Loving Christ means to love one’s neighbor. Jesus taught that the greatest commandment is to love God, and second is like it, to love your neighbor. (Matthew 22:36-40)

But Christian love of neighbor must be real, not just spoken. James 2:15-16 asks us what good is it to wish well for those who are suffering. Real love alleviates suffering. Romans 12:9 says genuine love helps the needy, blesses our enemies, and lives peaceably with others (among other things—see the whole chapter).

In Matthew 25, Jesus tells the parable about the sheep who discover they’ve been living in God’s kingdom all along since they have fed the hungry, clothed the naked, welcomed the stranger, cared for the sick, and visited the imprisoned—that is, by loving their neighbor whom they could see, they loved God whom they could not see (see 1 John 4:20).

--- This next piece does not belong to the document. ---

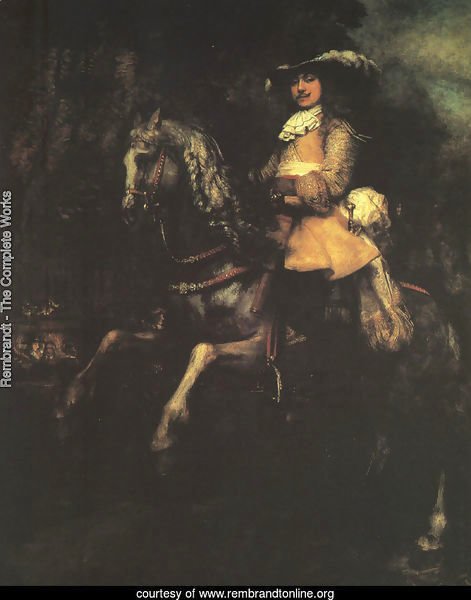 Frederick Rihel on Horseback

When we do these things, when we love others, we encounter Christ. Christ is present. Christ is real.

It’s true, we’d rather have Jesus with us as he was with his disciples, but Christ is gone, he is ascended (May 9th is Ascension, see Acts 1). Jesus tells Judas and the others that if we love him, not only will we follow his word of service to others, we will also let him go. To let Jesus go is an act of trust. We trust God to provide even in Jesus’ absence. This is what Jesus is teaching us—that we can trust God in his absence, and to do that we have to embrace the Spirit.

When we let Christ go—trusting God, loving our neighbors—Jesus gives us this promise: we will have peace. He says it’s not peace as the world gives. Worldly peace implies no more conflict, or maybe assurance about future. But this is peace we “understand,” and the Bible talks about a peace that “transcends understanding” (Philippians 4:7). This peace is the presence of Christ by the Holy Spirit now, even in the midst of trouble, even in the midst of questions.

Judas asked our question: How will we see Christ? Jesus’ answer? By letting him go, by trusting God, by embracing the Spirit, and by serving our neighbors.

Questions for Discussion and Reflection

  • Think about the questions you have about your own spiritual life. Compare them to the questions asked by Thomas, Phillip, and Judas. How do they relate? How do Jesus’ answers to their questions apply to yours?
  • Have you really let Jesus go? Are you still trying to hold on to a childhood faith that no longer answers the questions of adulthood? As an act of loving the Jesus you knew, can you let him go and embrace the Spirit of God in a new way today?
  • How can the perspective, that the reality of the eucharist is intended to remind us of the reality of Jesus’ past presence and Spiritual presence, change your experience of Holy Communion?
  • Who are some neighbors you can serve? And will you do so expecting to meet Jesus?